It seems people really put down Feliks for some reason. Feliks has completely dominated the cubing world, and as far as I know nobody else up there has to the extent Feliks has. He did it so quickly too.


----------



## Kirjava (Mar 18, 2012)

HelpCube said:


> It seems people really put down Feliks for some reason.


 
Care to provide evidence?


----------



## PandaCuber (Mar 19, 2012)

Define: Greatest...


----------



## scotzbhoy (Mar 19, 2012)

Quite a lot of pretty obvious choices missing from this poll. I think Erik, Milan and Bence are up there.


----------



## drewsopchak (Mar 19, 2012)

Myself.


----------



## ressMox (Mar 19, 2012)

HelpCube said:


> Just answer the question, the greatest in your opinion, whatever section you want it to be.
> 
> It seems people really put down Feliks for some reason. Feliks has completely dominated the cubing world, and as far as I know nobody else up there has to the extent Feliks has. He did it so quickly too.


 

The problem is that the thread has not defined the term greatest? Does greatest mean fastest? Most contributions to cubing theory and puzzle solving? Just whoever we like the best? Most contributions to the cubing community? As Sahid mentioned, the term "great" is vague. If greatest means fastest, or most dominant, then yes, many people would probably vote for Feliks, with WCA stats to back it up. But if we are taking other things into consideration, then the question becomes considerably more complicated. If we consider any other factor, then the given list is not nearly long enough. If the list includes people like Matyas Kuti, then why not Erik Akkersdijk as many people have mentioned. If we consider contributions to cube theory and methods, then why not people like Heise, or Roux, or Zbigniew? If we consider contributions to the community, then why not people like badmephisto, or Thrawst who have helped countless people make the step forward from a total noob? Hell, why not Tyson Mao?

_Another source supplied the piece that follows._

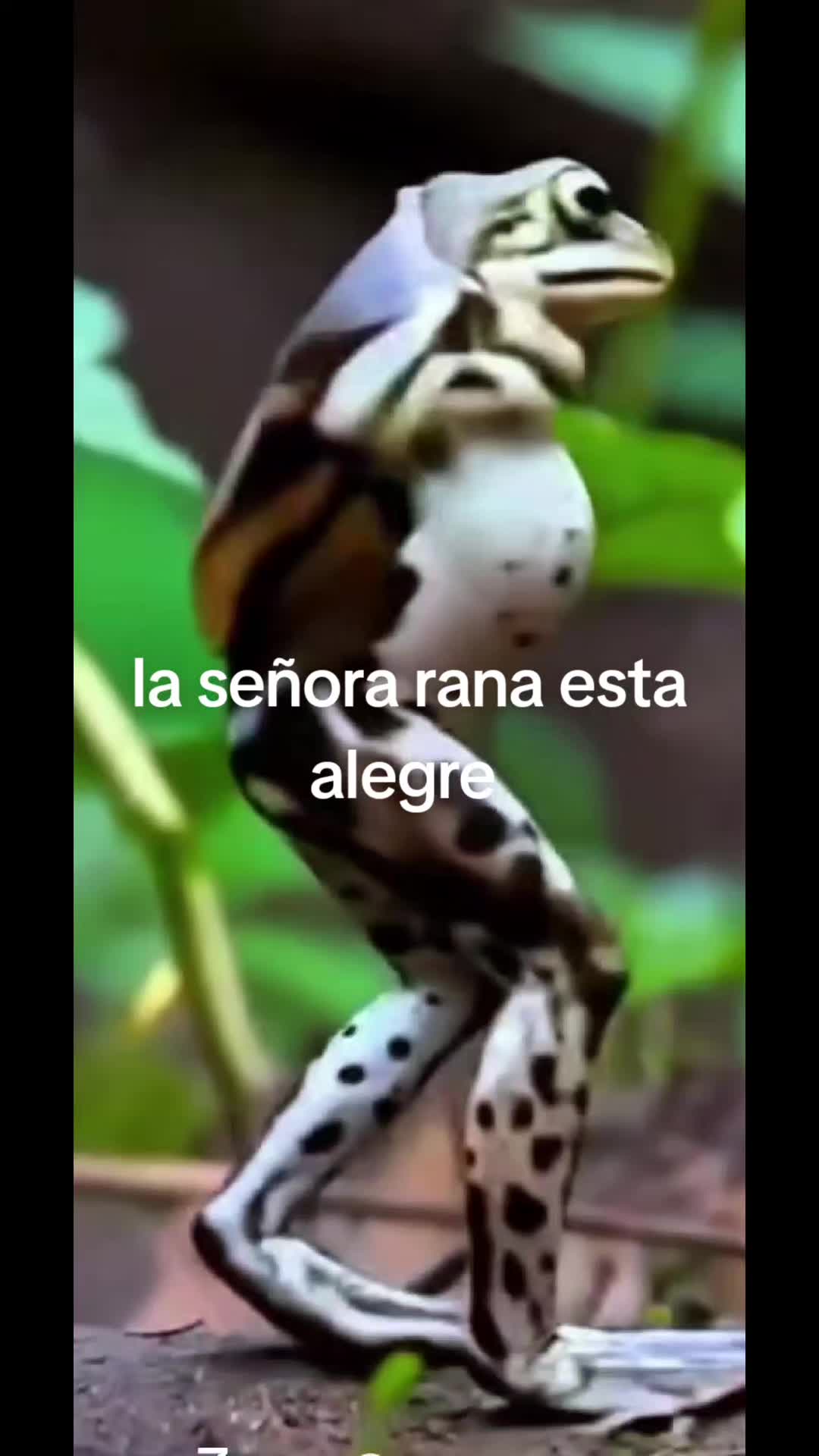 @🌴🌴🌴🩸💎 Habibi Dios es amor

TL;DR: Ill-defined terminology and poll options aren't complete enough.


----------



## Zhanchi1 (Mar 19, 2012)

Sahid Velji said:


> Could you please define "greatest" in this case? That is actually very vague, do you mean fastest? Greatest contributer? Or just personal favorite?


Greatest: personal favorite


----------



## ressMox (Mar 19, 2012)

Zhanchi1 said:


> Greatest: personal favorite


 
Greatest should not equal personal favorite in my opinion. And in that case, how does this thread differ from www.speedsolving.com/forum/showthread.php?19031-Favorite-Cuber ? 

I really do hope I don't sound rude, I just don't think that a poll system would work for a question that has such a wide array of answers. Especially one that mostly includes the people who would be considered some of the fastest or most dominant competitors. There are many who have done great things for the cubing community, but may not necessarily be the fastest cubers. I just think that they deserve a bit more appreciation than the "Other" option.


----------



## ThomasJE (Mar 20, 2012)

Zhanchi1 said:


> All the the others are in the poll OTHER
> Erik is in the poll OTHER
> And matyas held several world records, despite his cheat



But he cheated. So, surely he can't be the greatest cuber ever.
And Erik also held a number of records.


----------



## James Ludlow (Mar 20, 2012)

Erik


----------



## merryme (Mar 21, 2012)

I guess most of us will consider the speed as the standard of how great a cuber is. So I said Feliks Zemdegs.


----------



## aikikai_cuber (Mar 21, 2012)

FRANK MORRIS!!!!!!!


----------



## insane569 (Mar 21, 2012)

Stefan is winning by far. He is an overall funny guy who contributes alot to the forums and is really active in the cubing world. He wins.


----------



## PandaCuber (Mar 21, 2012)

why so many people coose feliks


----------



## conn9 (Mar 29, 2012)

I can't see me loving nobody but Yu, Nakajimaaaaaaaaaaaaaaa!


Spoiler






Spoiler






Spoiler



no homo


----------



## That70sShowDude (Mar 29, 2012)

PandaCuber said:


> why so many people coose feliks



why so many people not choose feliks?


----------